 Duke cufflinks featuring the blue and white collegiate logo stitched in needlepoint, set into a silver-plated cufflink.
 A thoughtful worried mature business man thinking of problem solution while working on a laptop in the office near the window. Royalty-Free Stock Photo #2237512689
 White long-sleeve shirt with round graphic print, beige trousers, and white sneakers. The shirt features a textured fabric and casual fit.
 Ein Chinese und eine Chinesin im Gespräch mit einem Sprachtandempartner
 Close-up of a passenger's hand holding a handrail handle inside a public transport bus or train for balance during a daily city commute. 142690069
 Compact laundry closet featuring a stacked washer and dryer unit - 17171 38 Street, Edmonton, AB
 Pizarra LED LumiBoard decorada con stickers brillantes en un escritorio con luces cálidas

--------

Task brief:
Take the line that holds "Close-up of a" as the first line and the last line of the data as the final one. Retype everything between, both included, exactly.

Output for this exercise:
 Close-up of a passenger's hand holding a handrail handle inside a public transport bus or train for balance during a daily city commute. 142690069
 Compact laundry closet featuring a stacked washer and dryer unit - 17171 38 Street, Edmonton, AB
 Pizarra LED LumiBoard decorada con stickers brillantes en un escritorio con luces cálidas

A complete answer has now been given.